Na mitologia grega, o mito de
Hermaphroditos, Ἑρμάφρόδιτός, Deus grego filho de Hermes e Afrodite, traz a
origem do termo adotado hoje para classificar comumente um tipo de ADS. Segundo
esta história, o Deus grego, de beleza extrema, desperta o amor da ninfa
Sálmacis que, tomada pelos seus sentimentos, uniu ambos os corpos em um só.
Salmacis e Hermaphoditos Bartholomeus Spranger (c.1598).
No artigo O sexo dos Anjos, que
você pode encontrar no fim desta postagem como recomendação de leitura, a
autora Paula Sandrine também nos remete ao estudo de Mircea Eliade que, em seu
livro “Mefistófeles e o Andrógino: comportamentos religiosos e valores
espirituais não europeus” traz a construção do Mito do andrógino, de Platão,
por diversas culturas não ocidentais, de uma ideia divina da androginia e nos
coloca uma possibilidade de pensar a variabilidade de sexos nos humanos como
uma situação possível (Seriamos
todos intersexuais? Leia aqui a entrevista com o Imunologista e Professor
americano Gerald Callahan sobre esta proposição.)
Os chamados hermafroditas, ou
qualquer outra pessoa com “deformidades” físicas, eram vistas, desde a
Antiguidade, como essencialmente malígnas, ligados ao Satã e que precisavam ser
mortas para não ameaçar o “frágil e constantemente ameaçado reino de Deus sobre
a terra” (LEITE, Jorge. 2009).
A visão do diabo também era
associada a uma entidade dúbia, imprecisa, com seios femininos e pênis num só
corpo, em oposição a ideia divina de clareza e precisão. É nesse sentido que
formam-se as construções de cristo e dos anjos como quase assexuados, “pois o
que importa são as sutilezas do espírito em manifestações de masculinidade ou
feminilidade, enquanto o diabo e seus demônios tornam-se hipersexuados, focando
na genitalidade corporal todo o desregramento cósmico da junção macho e
fêmea.”.
Com o advento do iluminismo as
diferenças entre o homem e a mulher caíram nos braços da ciência, ratificando a
ideia dicotômica de sexo vigente até então e problematizando ainda mais a questão
dos ADSs (antes chamados de “intersexs”).
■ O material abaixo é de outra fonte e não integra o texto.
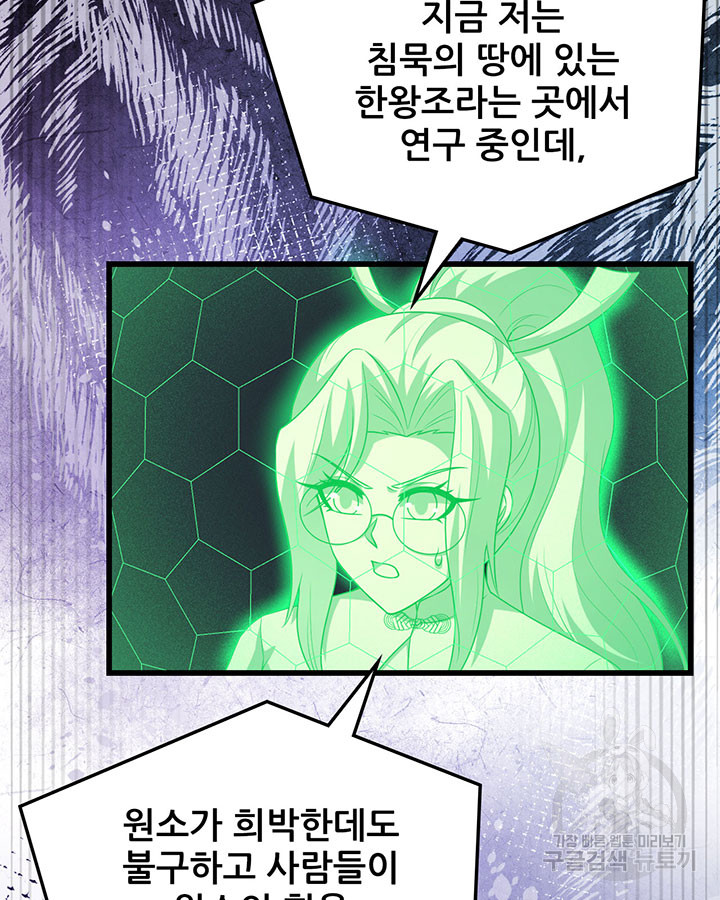1703210560889eml97grk0yq.jpg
Passa-se a estudar as diferenças do cérebro masculino e feminino, como por
exemplo uma maior atividade no lóbulo parietal inferior direito nos homens e o
esquerdo nas mulheres (Sobre isso, leia “As diferenças
encefálicas e níveis de atenção em homens e mulheres”). Diferenças
hormonais também foram dicotomizadas, conheceu-se os efeitos da testosterona e
relacionaram o nível de concentração deste, em homens e em mulheres, com seus
comportamentos característicos. Deu-se nome, localizou-se no corpo, as
principais diferenças comportamentais entre homens e mulheres e buscou-se
“encaixar” os ADSs nas formas sociais aceitas, ou homem ou mulher.
“O homem vitruviano – Leonardo Da Vinci”
Por outro lado, há uma teoria
conhecida como Queer, surgida na década de 80, que põe em cheque as formas de
identidade humanas socialmente aceitas, dentre elas a ideia binária da condição
humana- masculino/feminino- atribuindo uma condição cultural (e não natural)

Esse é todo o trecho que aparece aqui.